Using the records below, copy out exactly the line that contains "Proof 24BUCK_06661" and every line that follows it, up to and including the last, and no others.

(Crawled caption data)
────────────────────
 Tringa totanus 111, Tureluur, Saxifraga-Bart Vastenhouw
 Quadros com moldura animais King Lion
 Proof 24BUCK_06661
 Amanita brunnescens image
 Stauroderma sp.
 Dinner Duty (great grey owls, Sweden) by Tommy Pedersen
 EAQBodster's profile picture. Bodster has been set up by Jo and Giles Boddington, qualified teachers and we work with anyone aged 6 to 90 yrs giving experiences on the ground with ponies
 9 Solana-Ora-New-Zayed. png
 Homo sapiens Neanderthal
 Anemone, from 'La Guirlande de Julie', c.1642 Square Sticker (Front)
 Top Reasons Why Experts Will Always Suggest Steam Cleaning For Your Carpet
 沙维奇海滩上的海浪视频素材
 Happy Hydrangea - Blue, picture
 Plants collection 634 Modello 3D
────────────────────
Reply
 Proof 24BUCK_06661
 Amanita brunnescens image
 Stauroderma sp.
 Dinner Duty (great grey owls, Sweden) by Tommy Pedersen
 EAQBodster's profile picture. Bodster has been set up by Jo and Giles Boddington, qualified teachers and we work with anyone aged 6 to 90 yrs giving experiences on the ground with ponies
 9 Solana-Ora-New-Zayed. png
 Homo sapiens Neanderthal
 Anemone, from 'La Guirlande de Julie', c.1642 Square Sticker (Front)
 Top Reasons Why Experts Will Always Suggest Steam Cleaning For Your Carpet
 沙维奇海滩上的海浪视频素材
 Happy Hydrangea - Blue, picture
 Plants collection 634 Modello 3D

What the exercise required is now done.